# B Licence Car and trailer combination help please



## Clannad48 (5 November 2016)

Ok so this may seem like a rant but it is really desperation.  I am looking for a car/trailer combination that my daughter can drive on a B licence.  OK so the ranty type things - no she will not do a trailer test - don't ask - too long to go into - don't tell me to look at carleasing site - it only deals with GVW of new cars and if I could afford a new car I would buy a horsebox.

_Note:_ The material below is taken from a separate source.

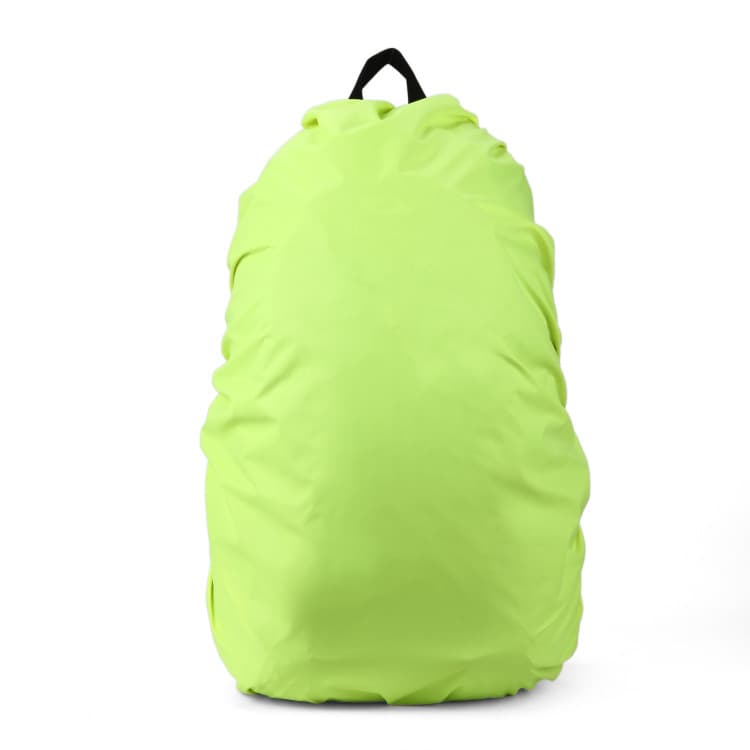 Polyester Waterproof Ultralight Backpack Cover thumbnail 4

I am losing the will to live - I just really need someone to tell me what they tow with if towing an IW505R with a 500kg horse in on a B licence only. There will only be one horse with the partitions taken out of the trailer and full width breech/breast bars.  The car HAS to be an automatic.  The budget for the car is about £6k

Parkers and other websites don't always give the GVW - the local car dealers are sick of me asking them to check the gvw on cars they have for sale.  My tabs at the top of the laptop screen are now so minute as I try to computate car weights etc that I can't read them.  PLEASE can someone help before I either kill the daughter or myself.


----------



## popsdosh (7 November 2016)

Skoda octavia estate with an Ifor 505 will be tight however maybe possible !!
The trailer would need down plating to a total max mass of 1600kg though but you should find a nice car for that budget.


----------